Web page caption snippets:
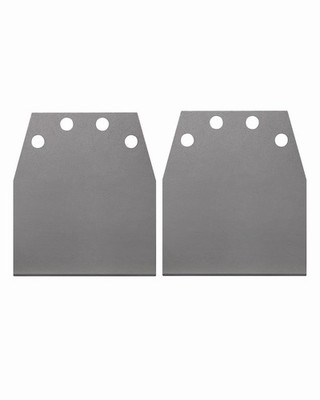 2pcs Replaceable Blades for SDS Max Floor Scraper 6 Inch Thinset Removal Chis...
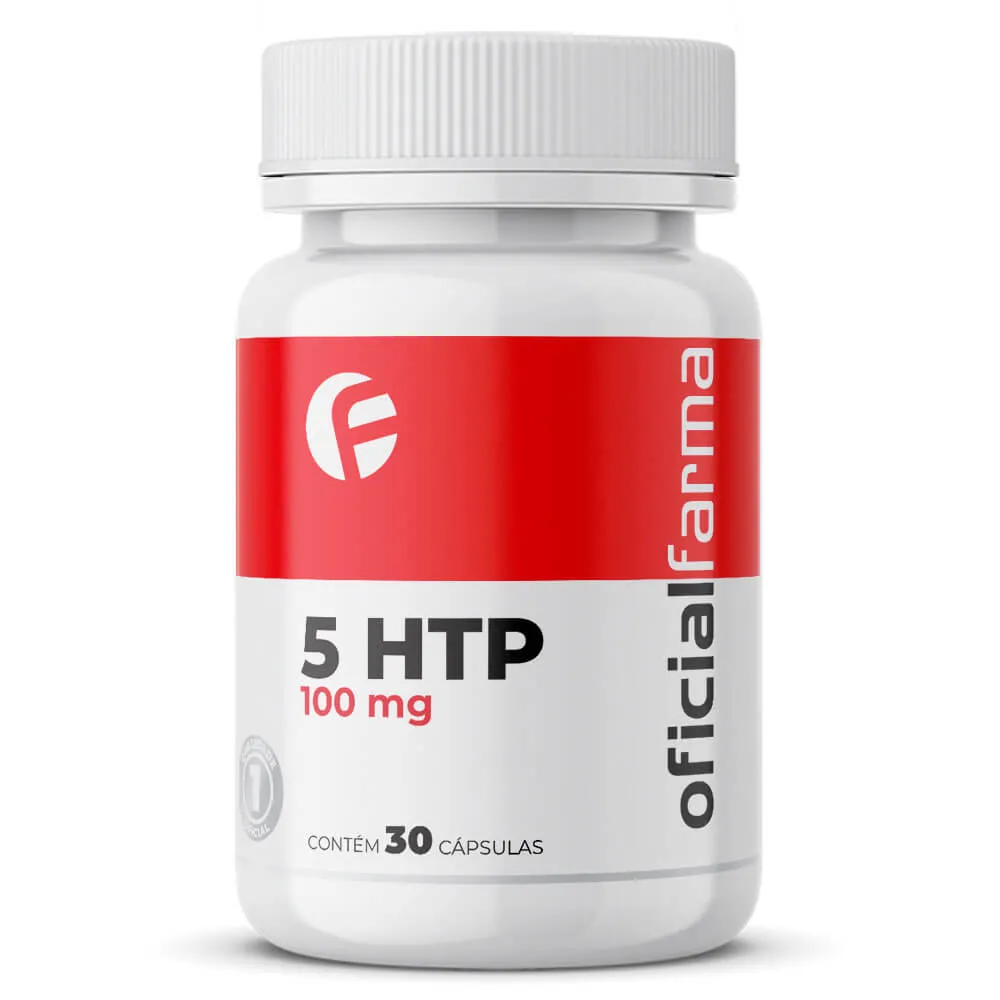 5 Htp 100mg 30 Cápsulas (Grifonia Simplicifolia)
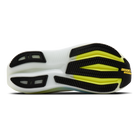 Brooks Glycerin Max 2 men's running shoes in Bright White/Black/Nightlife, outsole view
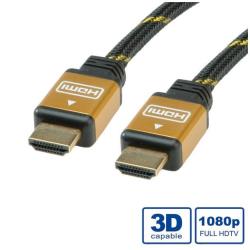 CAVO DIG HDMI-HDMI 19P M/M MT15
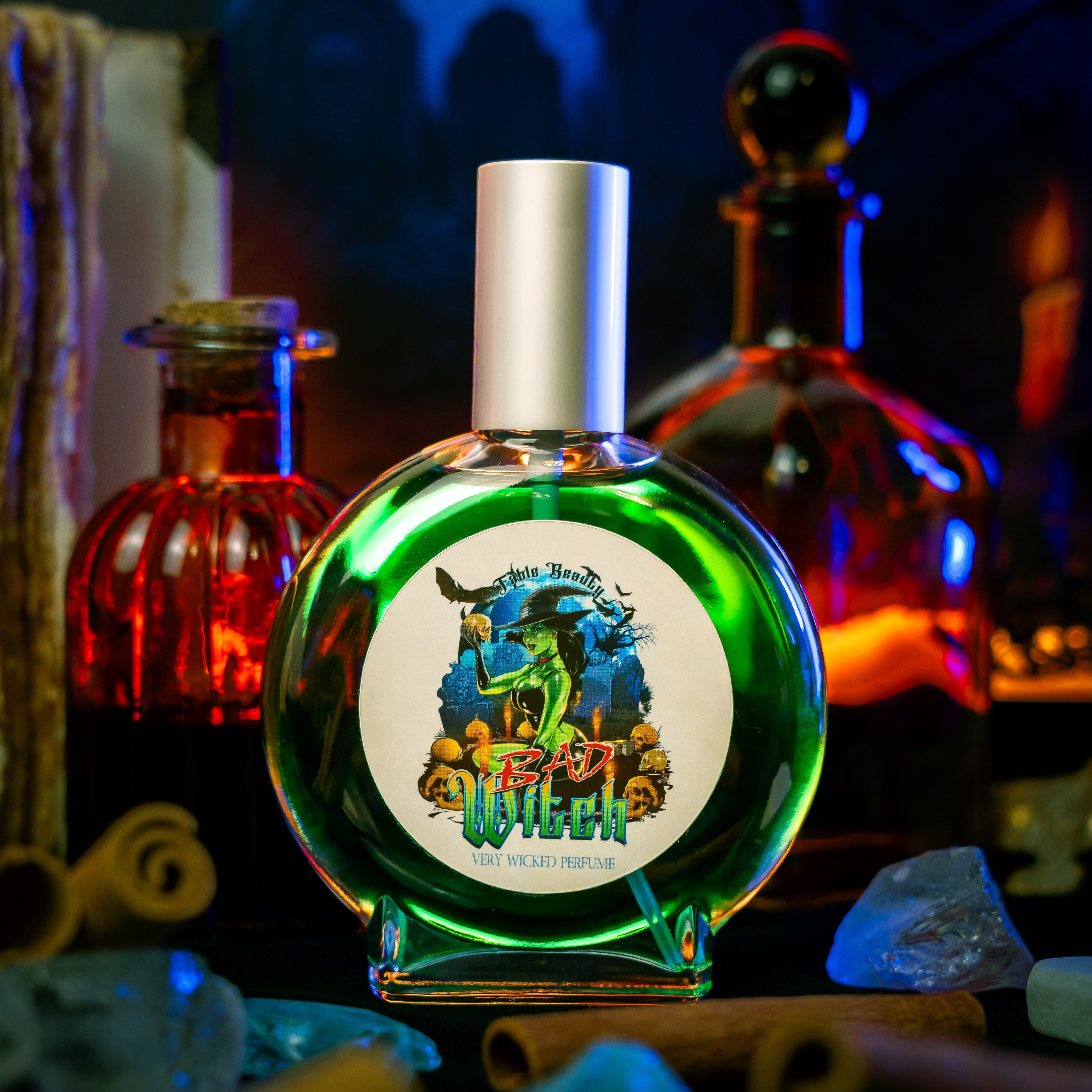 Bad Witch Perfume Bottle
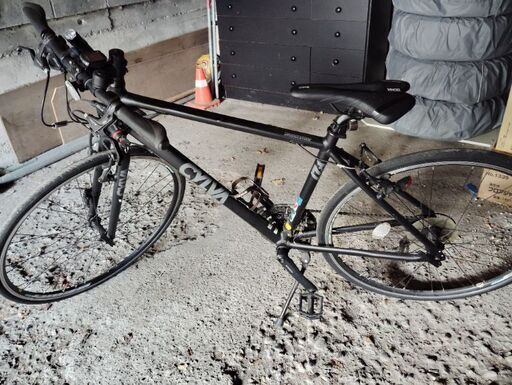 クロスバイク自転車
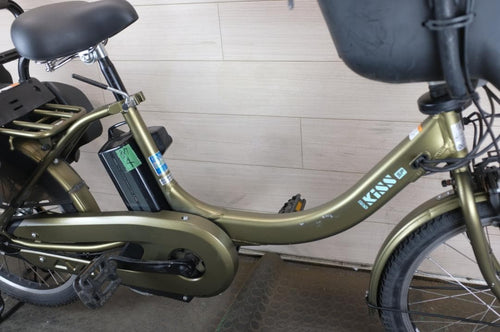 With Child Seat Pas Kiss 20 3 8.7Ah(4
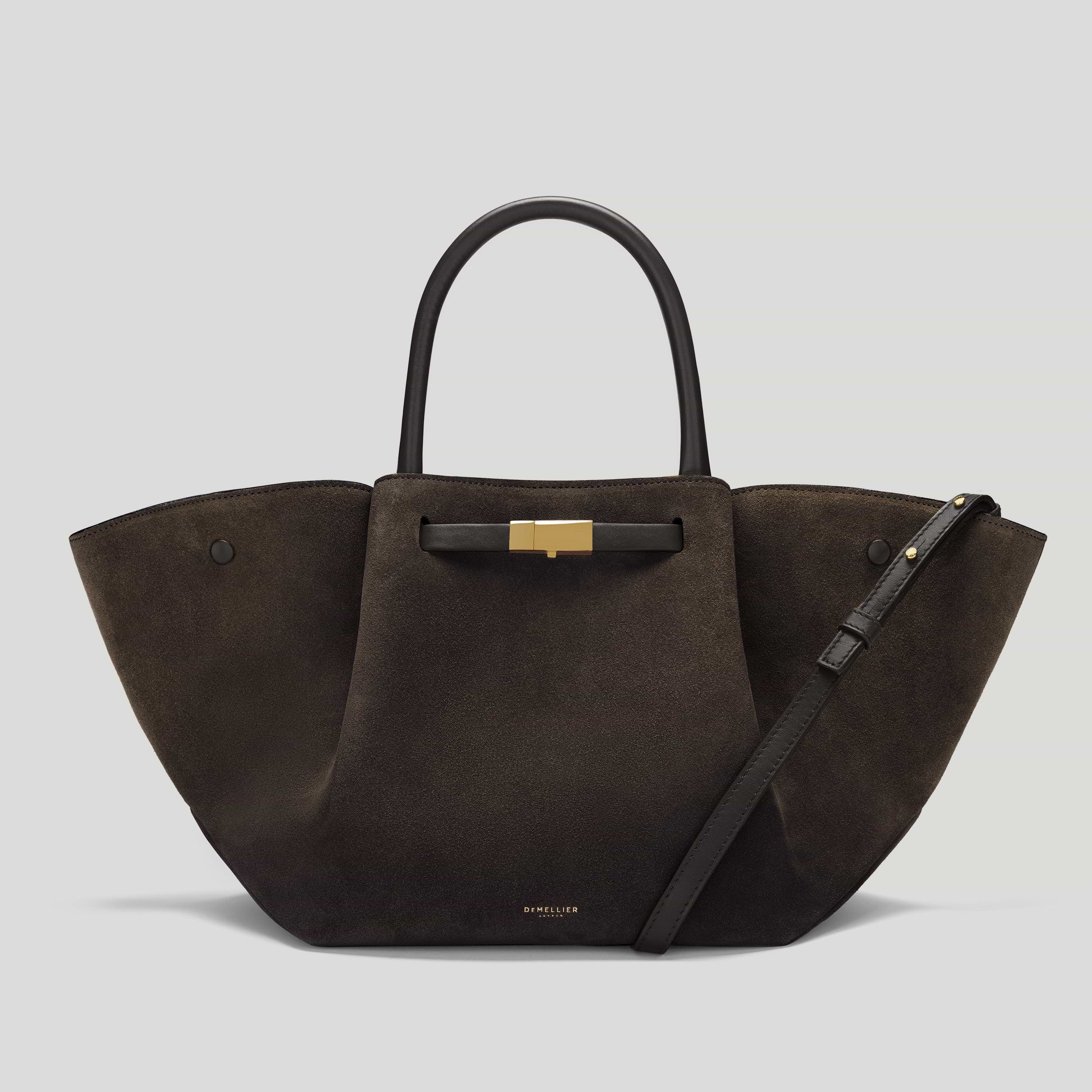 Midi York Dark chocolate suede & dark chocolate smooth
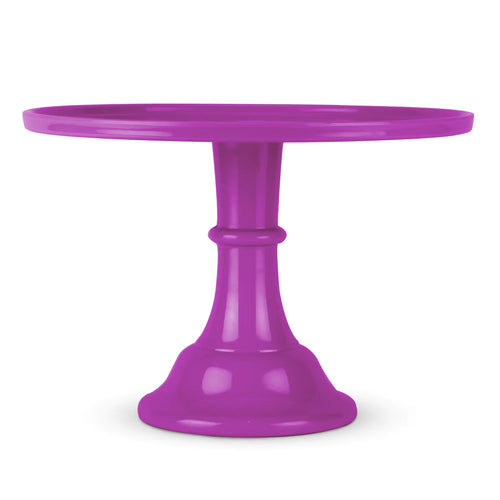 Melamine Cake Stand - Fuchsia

▸ **WORK TO COMPLETE**
All lines from the one containing "With Child Seat Pas Kiss 20 3 8.7Ah(4" through the end of the data are to be written out exactly, with nothing added; skip the pictures.

▸ **FINAL ANSWER**
 With Child Seat Pas Kiss 20 3 8.7Ah(4
 Midi York Dark chocolate suede & dark chocolate smooth
 Melamine Cake Stand - Fuchsia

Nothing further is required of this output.